Please return exactly the lines from the one containing "Pastel Iridescent Acrylic" through the end of the records, including both.

Data extracted from a collection:
────────

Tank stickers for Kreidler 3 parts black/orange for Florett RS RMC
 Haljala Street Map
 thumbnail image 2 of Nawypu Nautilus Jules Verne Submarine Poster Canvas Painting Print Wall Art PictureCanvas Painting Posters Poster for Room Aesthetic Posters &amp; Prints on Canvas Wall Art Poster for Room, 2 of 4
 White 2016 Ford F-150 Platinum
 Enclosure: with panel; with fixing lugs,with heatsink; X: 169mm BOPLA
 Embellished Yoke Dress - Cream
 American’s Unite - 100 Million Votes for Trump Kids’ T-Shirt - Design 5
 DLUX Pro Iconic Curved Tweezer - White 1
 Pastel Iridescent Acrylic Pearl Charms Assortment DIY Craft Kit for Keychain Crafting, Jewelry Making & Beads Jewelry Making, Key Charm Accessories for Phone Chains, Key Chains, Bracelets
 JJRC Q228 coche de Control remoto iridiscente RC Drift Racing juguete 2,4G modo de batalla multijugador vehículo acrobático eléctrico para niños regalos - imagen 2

────────

[Problem solution]
 Pastel Iridescent Acrylic Pearl Charms Assortment DIY Craft Kit for Keychain Crafting, Jewelry Making & Beads Jewelry Making, Key Charm Accessories for Phone Chains, Key Chains, Bracelets
 JJRC Q228 coche de Control remoto iridiscente RC Drift Racing juguete 2,4G modo de batalla multijugador vehículo acrobático eléctrico para niños regalos - imagen 2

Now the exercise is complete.